[Task prompt] Output only the lines that run from the line holding "Atico En La" to the end of the entries, both ends included, and skip the pictures.

[Records for the task]

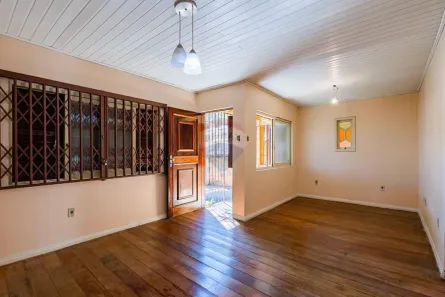 Casa com 3 Quartos à venda, 190m² no Medianeira, Porto Alegre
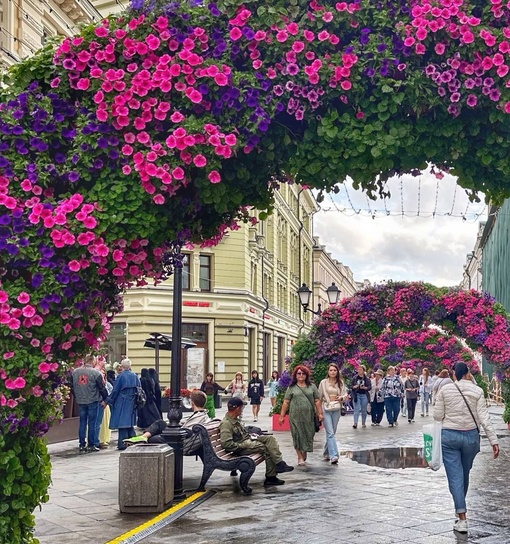 🌸Цветочные арки на Никольской.  Фото..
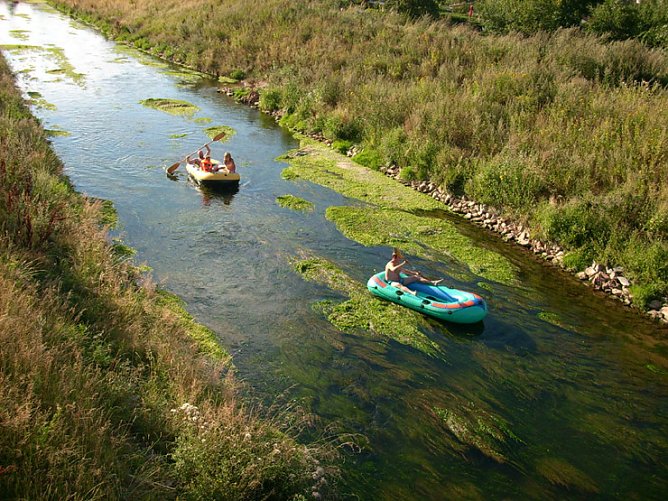 Schlauchboot auf der Wipper (Foto: Karl-Heinz Herrmann)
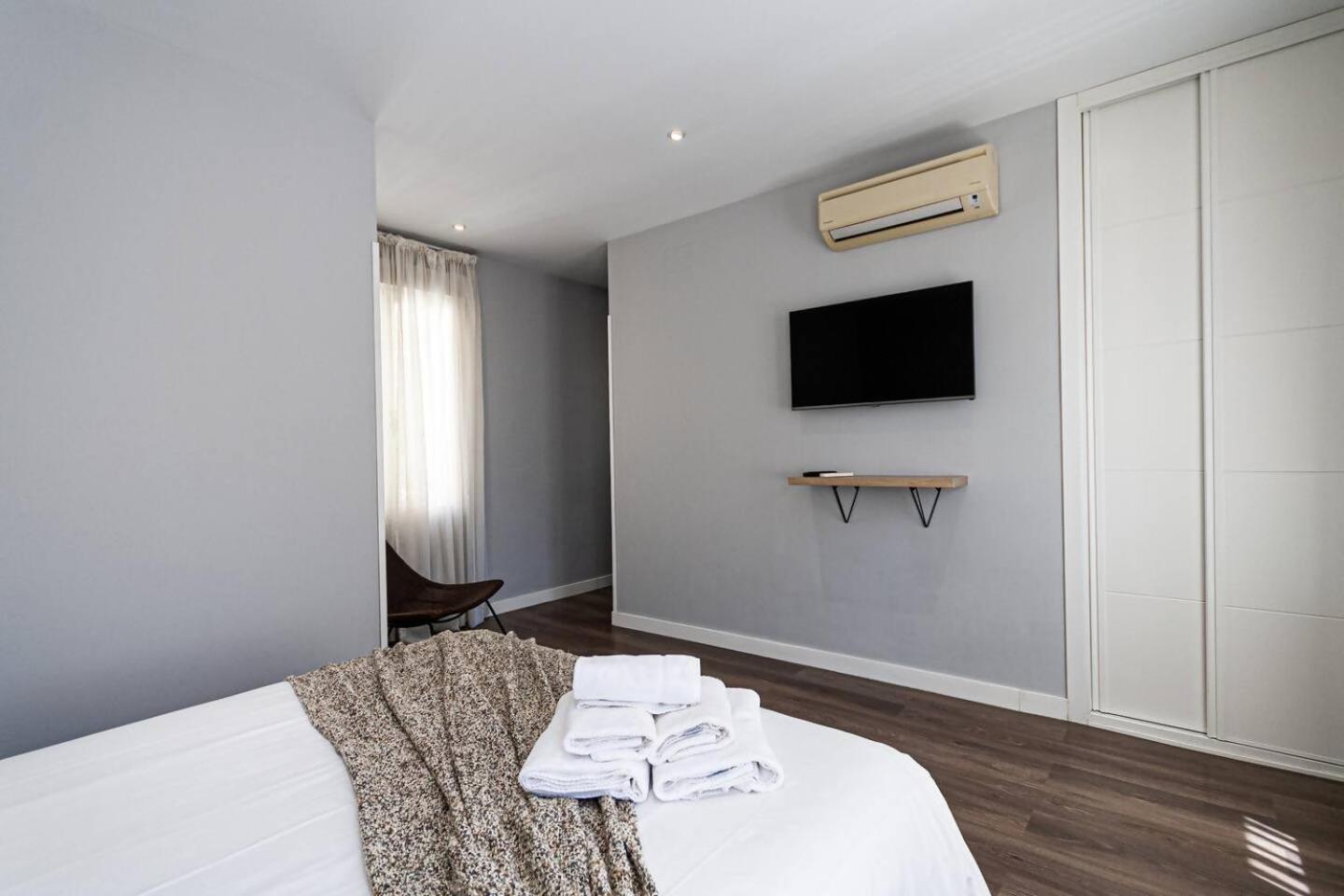 Atico En La Gran Via Con Terraza Apartment Madrid Exterior photo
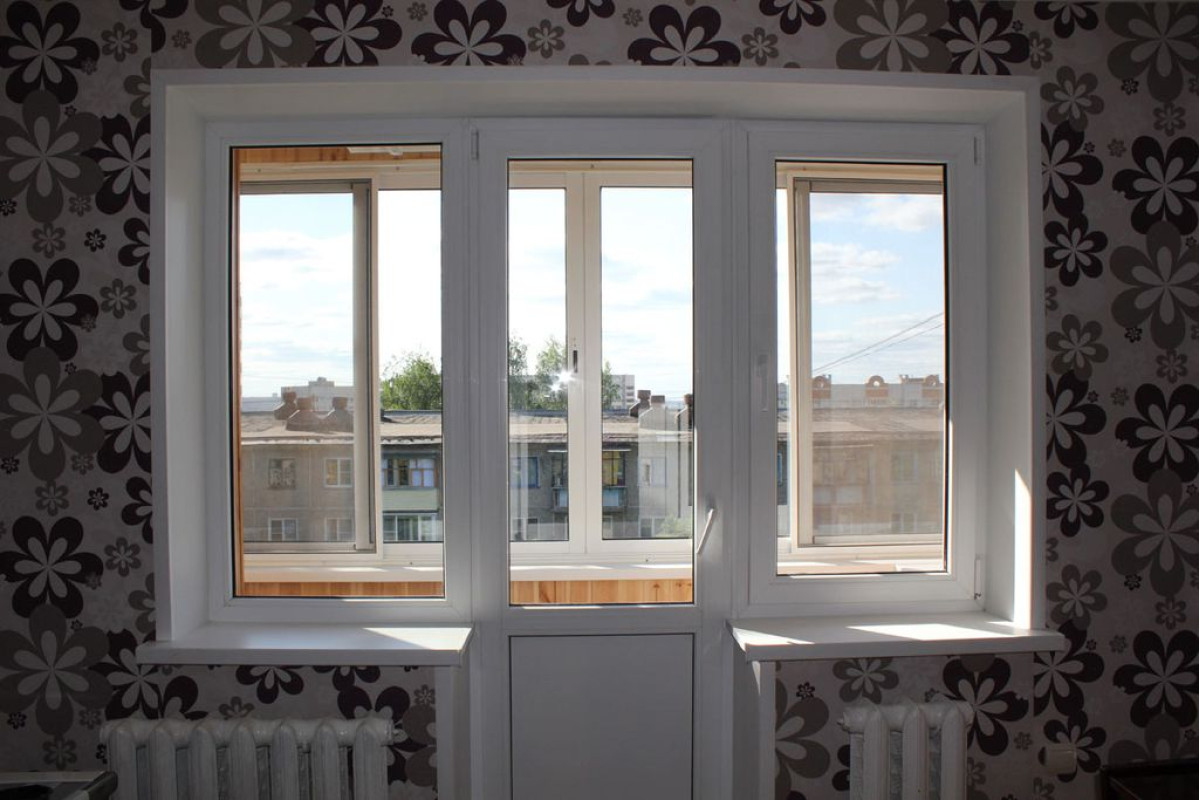 Балконний блок VEKA Softline з двома вікнами і поворотно-відкидними дверима 2100 x 2200 мм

[Exercise result]
 Atico En La Gran Via Con Terraza Apartment Madrid Exterior photo
 Балконний блок VEKA Softline з двома вікнами і поворотно-відкидними дверима 2100 x 2200 мм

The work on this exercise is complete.